Let's discuss the basic syntax of protocol buffers with the following proto file:
syntax = "proto3";
package project.library;
/*
This is the library proto file.
It contains three messages: Book, Subject, and Library.
*/
// An empty message
message Book { }
message Subject {
// Location on shelf
string location = 1;
// List of books
repeated Book books = 2;
}
message Library {
// Map of subject names to books on the Subject
map<string, Subject> subjects = 1;
}The syntax declaration specifies the version of the protocol buffers language that the proto file uses — proto3. If the syntax is not specified, the compiler will assume that the proto file uses proto2.
Packages in protocol buffers provide a way to organize types and prevent naming conflicts. By declaring a package at the top of a proto file, types within that file become part of that package.

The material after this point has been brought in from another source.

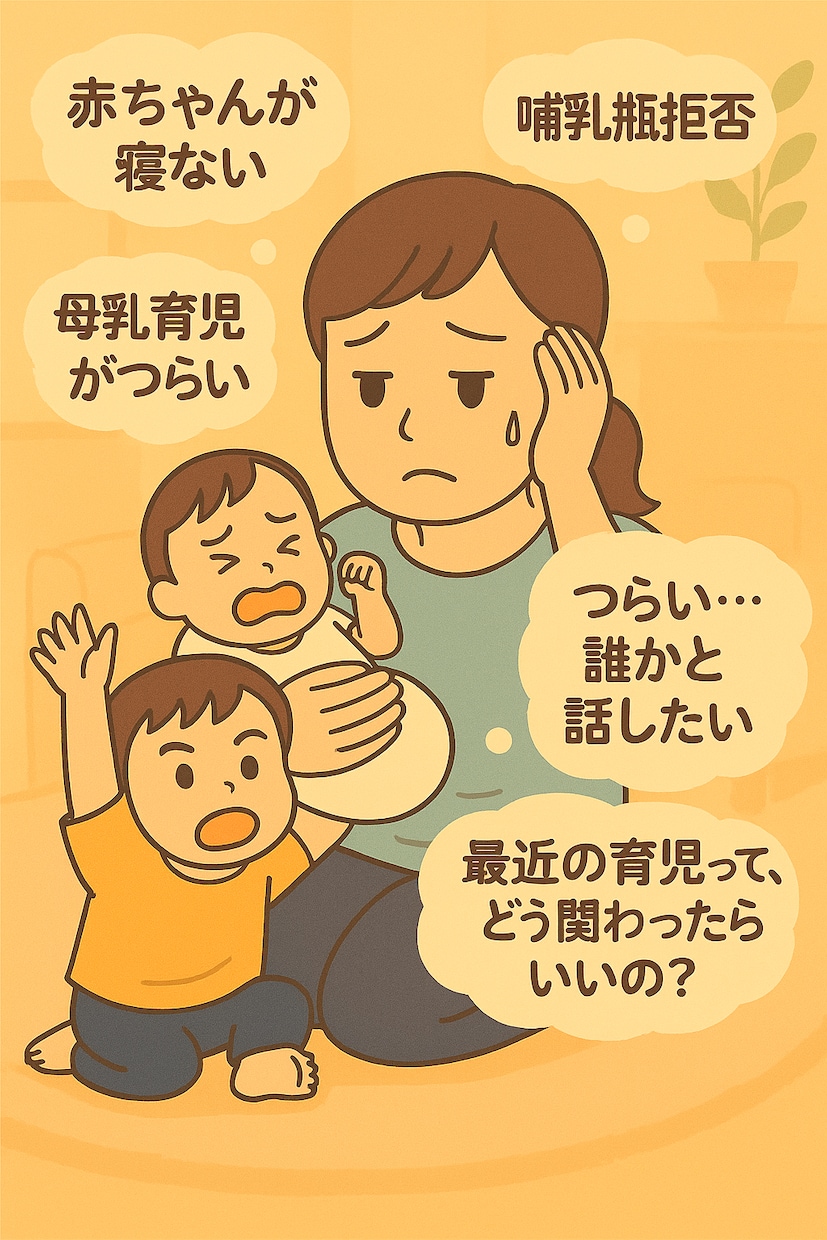 悩めるママ&パパ&祖父母の方✨お話しお聞きします 元小児科&NICU/GCU看護師 | 2歳差兄弟育児中 イメージ2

Using packages helps avoid clashes when multiple proto files define types with the same name. For instance, if two files have a Book message, the compiler can differentiate them by their package name. Each message has a fully qualified name, including the package name, like project.library.Book and school.items.Book. These fully qualified names distinguish types across packages and facilitate referencing types from other packages.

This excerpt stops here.